The non-cash impairment charge – a decrease in the value of Pepco’s assets, came due to a poor performance by Poundland amid increased competition and rising costs.
Poundland has also been impacted by the transition to Pepco-sourced products, which proved to be unpopular with consumers.
Chief executive Stephan Borchert said: “At Poundland, recent performance has been very challenging, impacted by declines in clothing and general merchandise following the transition to Pepco-sourced product ranges at the start of the year.
“We are taking swift action to get Poundland performance back on track, focusing on a return to Poundland’s strengths.
“We will also closely evaluate Poundland’s overall competitive positioning and requirements for future success as an FMCG-led format”.
Pepco said: “As a result of the material underperformance in Poundland, along with slower growth prospects and a higher cost outlook in the UK following the recent budget, we have assessed the carrying value of that investment and recognised a non-cash impairment of the goodwill and brand asset related to Poundland of €775m, which has driven a reported net loss for the year for the Group of €662m.
“On an underlying basis, Group net profit for FY24 was €179m, up 14.0% on the prior year.”

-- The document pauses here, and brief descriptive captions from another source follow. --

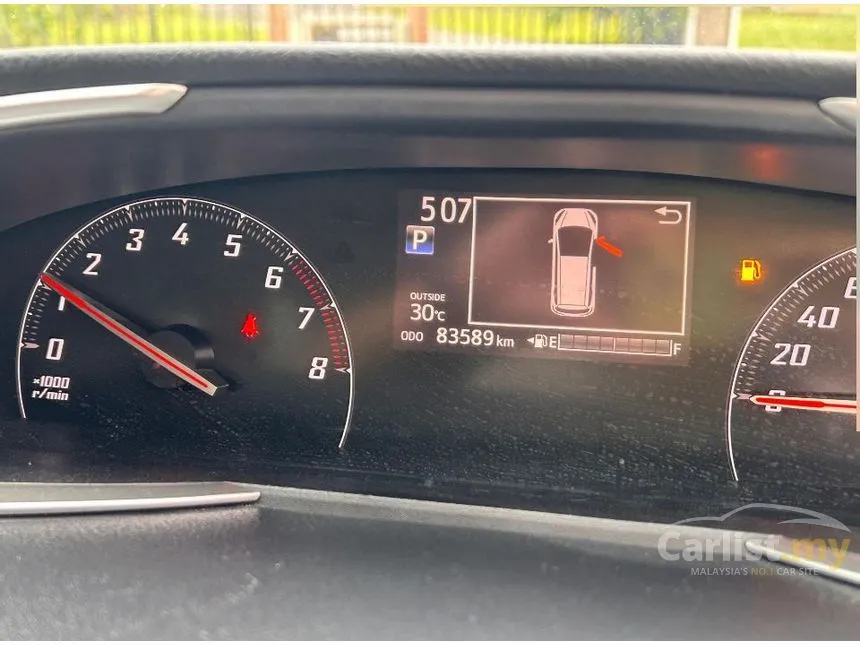 2017 Toyota Sienta V MPV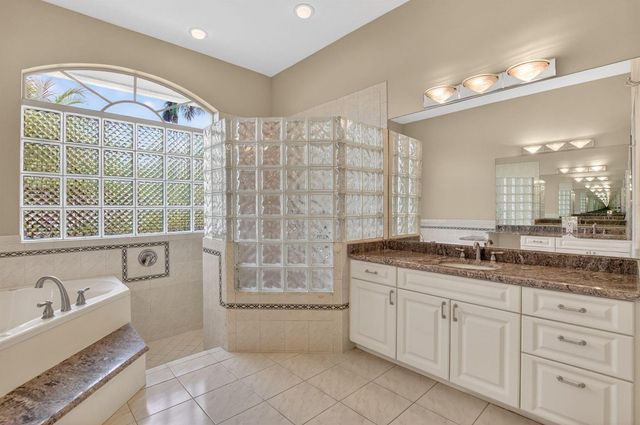 9774 Saddle Court, Lake Worth, FL 33467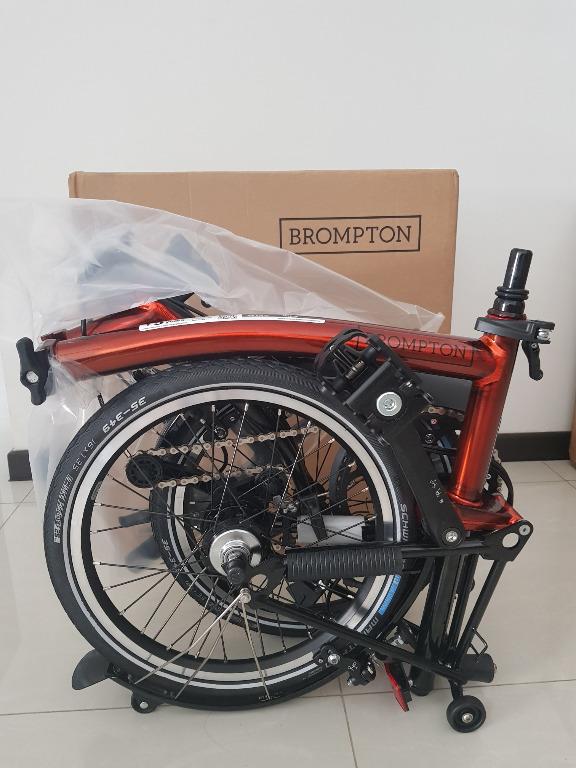 Brompton Black Edition C-Line Explore Low Flame Lacquer S6L (2021 - Main Image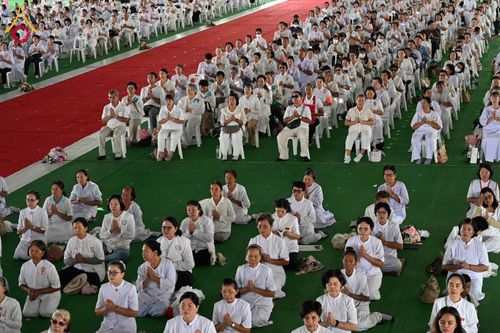 ภาพ No.162015:พิธีทอดผ้าป่า ในวันออกพรรษา ณ พุทธอุทยานนานาชาติ จังหวัดหนองคาย วันพฤหัสบดีที่ 17 ตุลาคม พ.ศ. 2567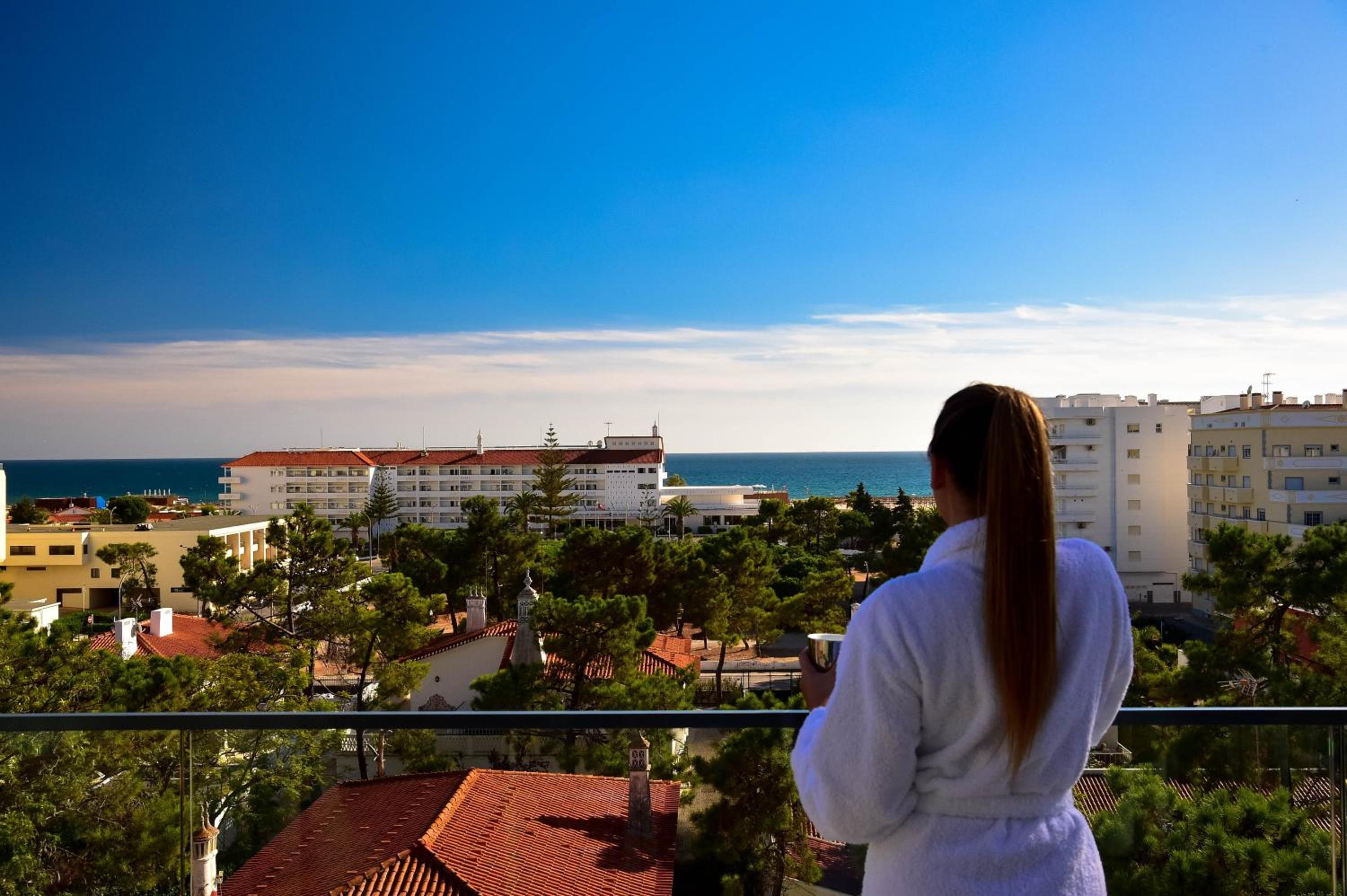 Deluxe Suite with Sea View photo 3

Pepco reported a £457m pre-tax loss for the year ending 30 September, compared to a profit of £131m the previous year.
The company also warned of a higher cost outlook in the UK following the recent Budget, which includes an increase in the minimum wage and higher national insurance contributions set to take effect in April 2025.
During this period, Poundland also created jobs for 500 former Wilko employees.